Effects of ball-milling on lithium insertion into multi-walled carbon nanotubes synthesized by thermal chemical vapour deposition

Abstract

The effects of ball-milling on Li insertion into multi-walled carbon nanotubes (MWNTs) are presented. The MWNTs are synthesized on supported catalysts by thermal chemical vapour deposition, purified, and mechanically ball-milled by the high energy ball-milling. The purified MWNTs and the ball-milled MWNTs were electrochemically inserted with Li.
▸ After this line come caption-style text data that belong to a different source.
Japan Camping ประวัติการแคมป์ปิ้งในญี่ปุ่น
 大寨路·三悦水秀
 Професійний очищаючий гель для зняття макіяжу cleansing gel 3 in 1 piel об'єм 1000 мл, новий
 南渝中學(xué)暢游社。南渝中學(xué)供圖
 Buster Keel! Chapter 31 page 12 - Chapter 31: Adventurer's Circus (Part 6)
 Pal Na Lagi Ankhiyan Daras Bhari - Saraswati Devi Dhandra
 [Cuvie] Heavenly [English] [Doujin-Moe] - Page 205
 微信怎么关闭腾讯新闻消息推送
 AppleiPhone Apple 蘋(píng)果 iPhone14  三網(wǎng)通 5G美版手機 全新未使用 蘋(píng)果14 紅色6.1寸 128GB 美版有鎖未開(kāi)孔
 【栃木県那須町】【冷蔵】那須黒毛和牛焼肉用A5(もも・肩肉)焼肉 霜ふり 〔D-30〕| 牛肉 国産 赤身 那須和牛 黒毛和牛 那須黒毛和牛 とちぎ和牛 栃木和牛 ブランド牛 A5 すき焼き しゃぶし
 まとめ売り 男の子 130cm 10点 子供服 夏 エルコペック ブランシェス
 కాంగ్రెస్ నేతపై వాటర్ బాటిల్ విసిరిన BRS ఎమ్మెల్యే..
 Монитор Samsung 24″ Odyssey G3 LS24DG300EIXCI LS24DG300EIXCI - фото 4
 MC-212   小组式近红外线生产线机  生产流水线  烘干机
Structural and chemical modifications in the ball-milled MWNTs change the insertion–extraction properties of Li ions into/from the ball-milled MWNTs. The reversible capacity ( C rev) increases with increasing ball-milling time, namely, from 351 mAh g −1 (Li 0.9C 6) for the purified MWNTs to 641 mAh g −1 (Li 1.7C 6) for the ball-milled MWNTs. The undesirable irreversible capacity ( C irr) decreases continuously with increase in the ball-milling time, namely, from 1012 mAh g −1 (Li 2.7C 6) for the purified MWNTs to 518 mAh g −1 (Li 1.4C 6) for the ball-milled MWNTs. The decrease in C irr of the ball-milled samples results in an increase in the coulombic efficiency from 25% for the purified samples to 50% for the ball-milled samples. In addition, the ball-milled samples maintain a more stable capacity than the purified samples during charge–discharge cycling.